-- DATASET SECTION --
○ ○ ○ ○
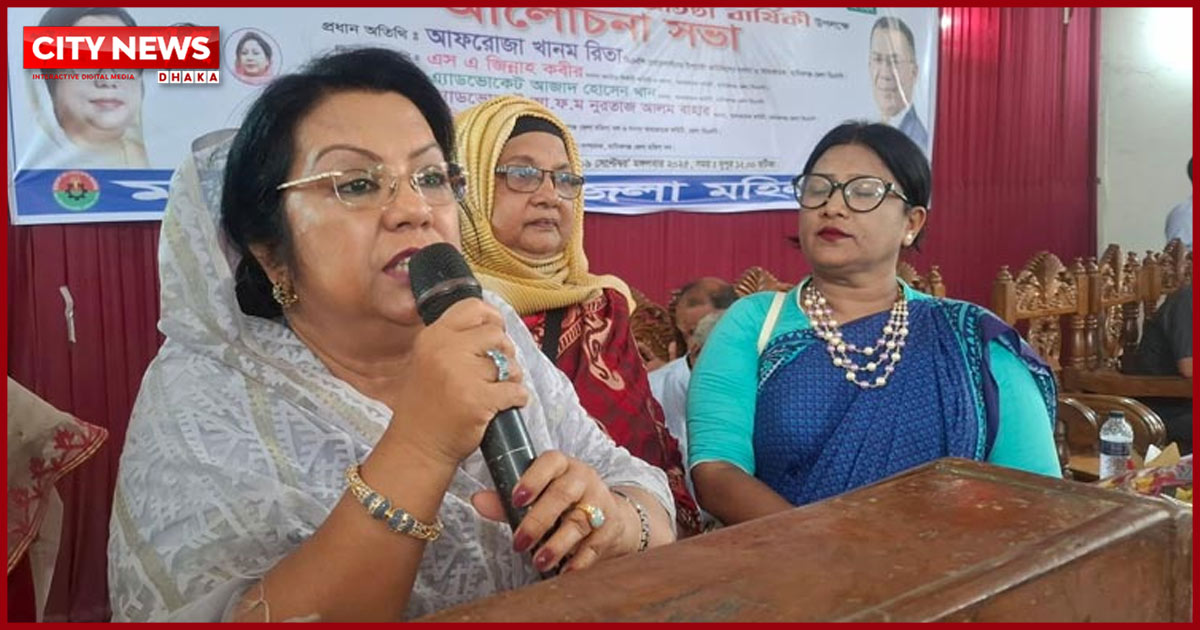 মানিকগঞ্জ-৩ আসনে বিপুল ভোটে এগিয়ে বিএনপির আফরোজা খানম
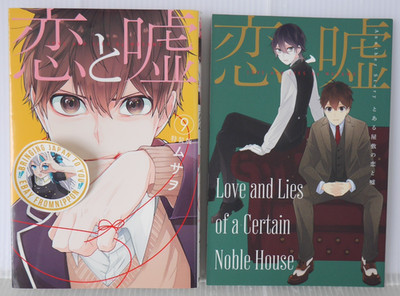 OOP: Love and Lies / Koi to Uso vol.9 Special Edition by Musawo - from JAPAN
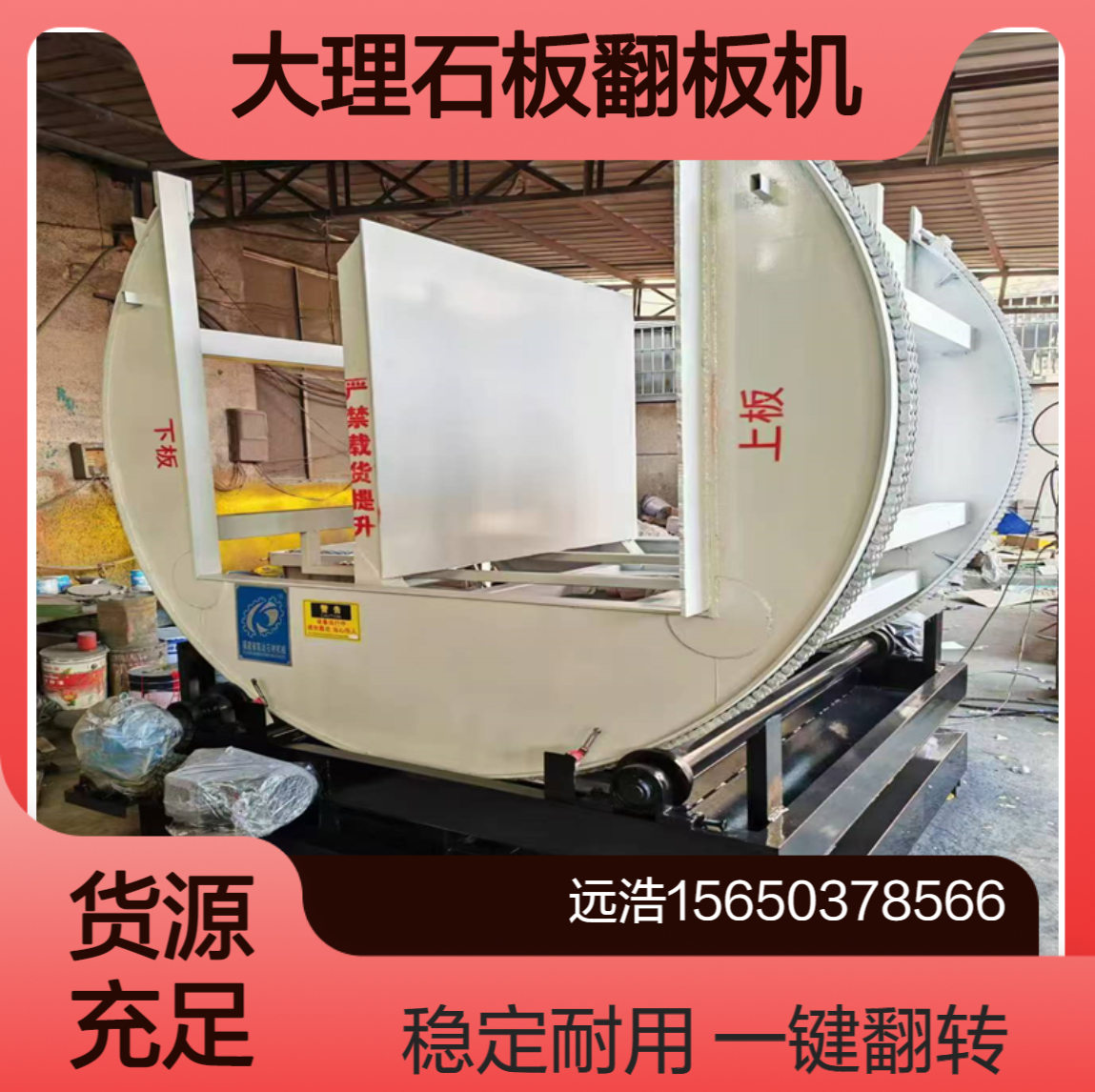 剁料大理石板翻料机180度翻板机1.22*2.44米大板O型U型在线翻转台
○ ○ ○ ○
Would you set down each line of the data exactly, with no images included?

-- REPLY --
 মানিকগঞ্জ-৩ আসনে বিপুল ভোটে এগিয়ে বিএনপির আফরোজা খানম
 OOP: Love and Lies / Koi to Uso vol.9 Special Edition by Musawo - from JAPAN
 剁料大理石板翻料机180度翻板机1.22*2.44米大板O型U型在线翻转台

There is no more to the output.